- [WHAT IS REQUIRED]:
Report each line from the data below that holds the word "with".

- [GIVEN INFORMATION]:
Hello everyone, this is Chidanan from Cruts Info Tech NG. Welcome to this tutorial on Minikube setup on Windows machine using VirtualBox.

* * *

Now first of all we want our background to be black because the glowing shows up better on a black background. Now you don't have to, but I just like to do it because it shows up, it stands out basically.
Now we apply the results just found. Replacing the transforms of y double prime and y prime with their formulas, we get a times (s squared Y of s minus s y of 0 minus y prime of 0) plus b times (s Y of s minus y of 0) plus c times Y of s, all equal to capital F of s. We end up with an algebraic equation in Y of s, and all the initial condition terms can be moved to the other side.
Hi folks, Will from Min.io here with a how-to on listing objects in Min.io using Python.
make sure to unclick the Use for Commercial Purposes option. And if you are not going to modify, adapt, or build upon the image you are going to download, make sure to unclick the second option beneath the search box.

- [WRITTEN ANSWER]:
Now we apply the results just found. Replacing the transforms of y double prime and y prime with their formulas, we get a times (s squared Y of s minus s y of 0 minus y prime of 0) plus b times (s Y of s minus y of 0) plus c times Y of s, all equal to capital F of s. We end up with an algebraic equation in Y of s, and all the initial condition terms can be moved to the other side.
Hi folks, Will from Min.io here with a how-to on listing objects in Min.io using Python.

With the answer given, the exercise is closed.